◆ Entries supplied ◆
++++++++
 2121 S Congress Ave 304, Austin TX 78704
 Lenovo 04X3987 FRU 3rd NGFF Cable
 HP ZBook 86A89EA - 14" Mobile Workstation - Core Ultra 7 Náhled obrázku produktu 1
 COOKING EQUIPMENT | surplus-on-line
++++++++
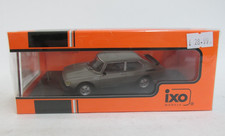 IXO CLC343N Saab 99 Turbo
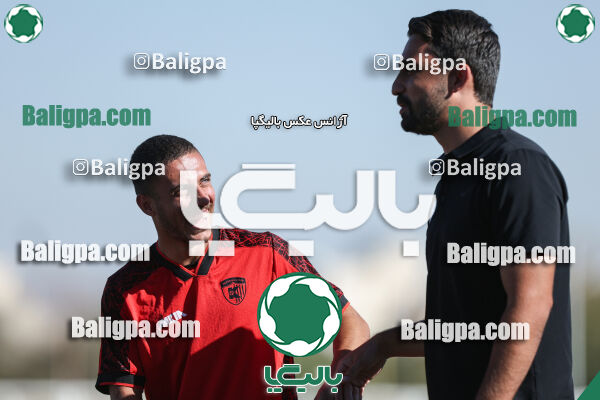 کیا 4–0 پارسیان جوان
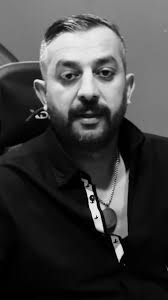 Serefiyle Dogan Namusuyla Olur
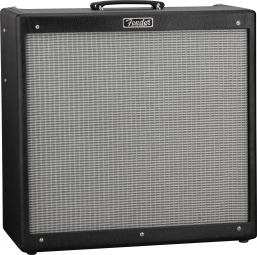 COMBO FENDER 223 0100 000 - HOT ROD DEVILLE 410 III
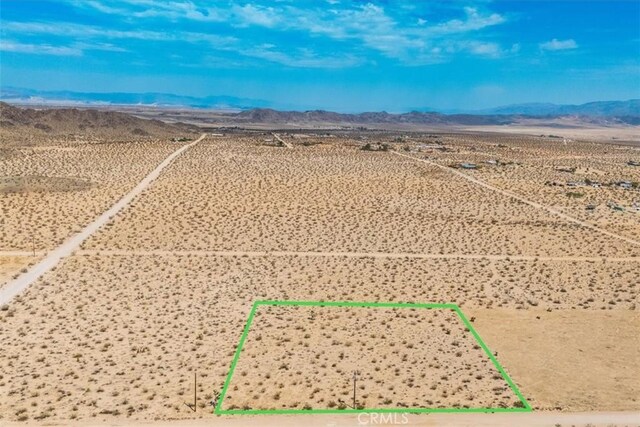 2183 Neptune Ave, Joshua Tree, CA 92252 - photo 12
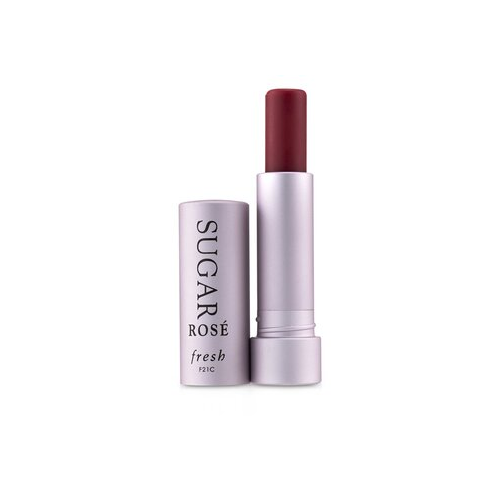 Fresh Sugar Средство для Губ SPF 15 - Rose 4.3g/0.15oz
++++++++
Above this instruction are the records; retype exactly the lines from the one containing "2121 S Congress Ave 304, Austin TX 78704" up to and including the one containing "COOKING EQUIPMENT | surplus-on-line".

 2121 S Congress Ave 304, Austin TX 78704
 Lenovo 04X3987 FRU 3rd NGFF Cable
 HP ZBook 86A89EA - 14" Mobile Workstation - Core Ultra 7 Náhled obrázku produktu 1
 COOKING EQUIPMENT | surplus-on-line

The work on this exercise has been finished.